El proceso que sigue nuestra mente parte de que:
  1. Seleccionamos de todo lo que ocurre ciertos datos y no todos los que existen.
  2. Interpretamos lo seleccionado y construimos con nuestras palabras una historia que explica el significado que los datos seleccionados tienen.
  3. Nuestra mente explica la situación estableciendo relaciones de causa y efecto.
  4. Se decide cuál es la respuesta conveniente a la situación. Aquí es cuando elaboramos una respuesta emocional para ese momento.
Puede parecer un proceso lineal, pero en realidad es más un proceso circular en donde las emociones generadas en el último peldaño influyen directamente en la selección de datos que vamos a realizar a partir de entonces. Es como arrastrarse por las emociones sin abandonarlas.

El único antídoto contra los malentendidos y enfrentamientos a que da lugar el uso de inferencias es detectarlas tan pronto como aparecen en la conversación y examinarlas despacio, quizás contrastarlas.

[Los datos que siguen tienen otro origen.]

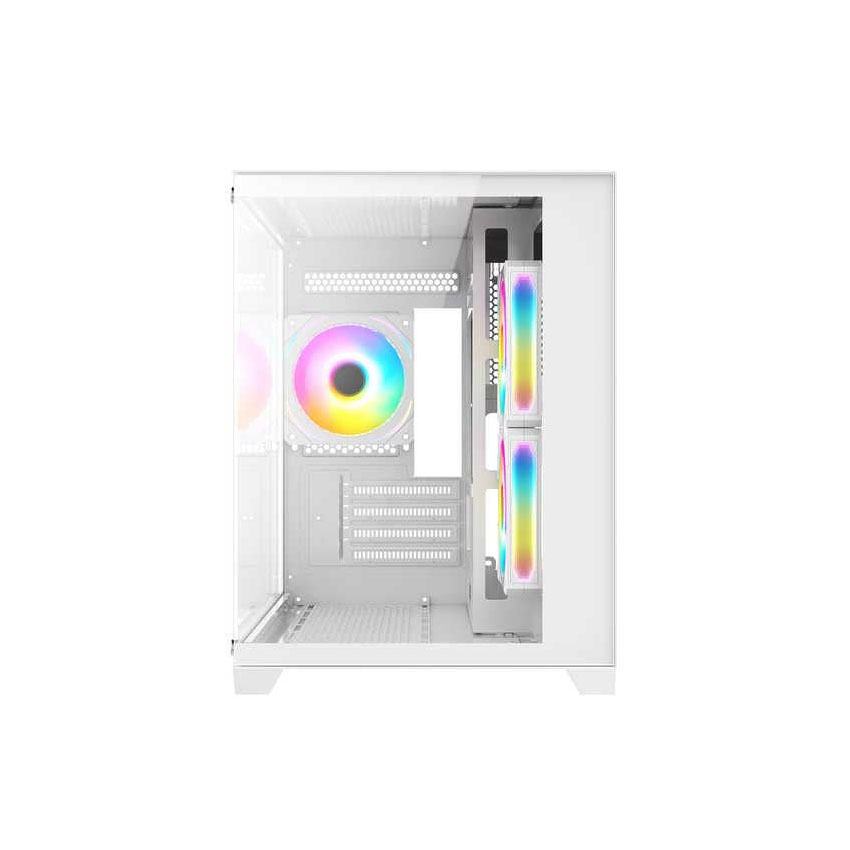 Vỏ Case MAGIC AQUA-M WHITE ULTRA (mATX/Mid Tower/Màu trắng)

Y esto es muy simple, basta con primero reflexionar que se ha detectado una posible inferencia, y segundo, pedir a la persona que emitió cierta información la confirmación de que efectivamente de eso se trata y no de otra cosa. El tercer paso consiste en descender la escalera de inferencias, viendo qué datos se han usado para llegar a la conclusión a examen. Así, se tiene oportunidad de repasar conjuntamente todo y valorar si son incompletos o si se han interpretado de una forma equivocada.

Las implicaciones de esta escalera de razonamiento condicionan lo que hacemos y lo que sentimos. Nuestros actos son la consecuencia de ella. No somos en muchos momentos capaces de encontrar otras maneras de pensar, interpretar o preguntar, de hacer valoraciones fuera de nosotros mismos, otras forma de ver los acontecimientos que nos alejarían de las atribuciones en muchas ocasiones negativas sobre los hechos.
 
Con las premisas únicas se ciega la posibilidad de generar nuevas conversaciones que permitan, no solo identificar realmente si lo que se ve tan claro es la causa real de las situaciones, sino que además y en función de la información que de esta nueva conversación se derivara, podríamos influir positivamente en algún cambio de comportamiento.
 
Los enemigos no existen, solo existen los malentendidos mal encauzados. Por eso cuando malinterpreto me causo un daño innecesario que se resolvería preguntando ¿es así como lo he interpretado?

Y dejo encima de la mesa para pensar y a quien pueda malinterpretar lo que oye, lo que lee, lo que piensa, lo que le dicen… que se siente y  pregunte.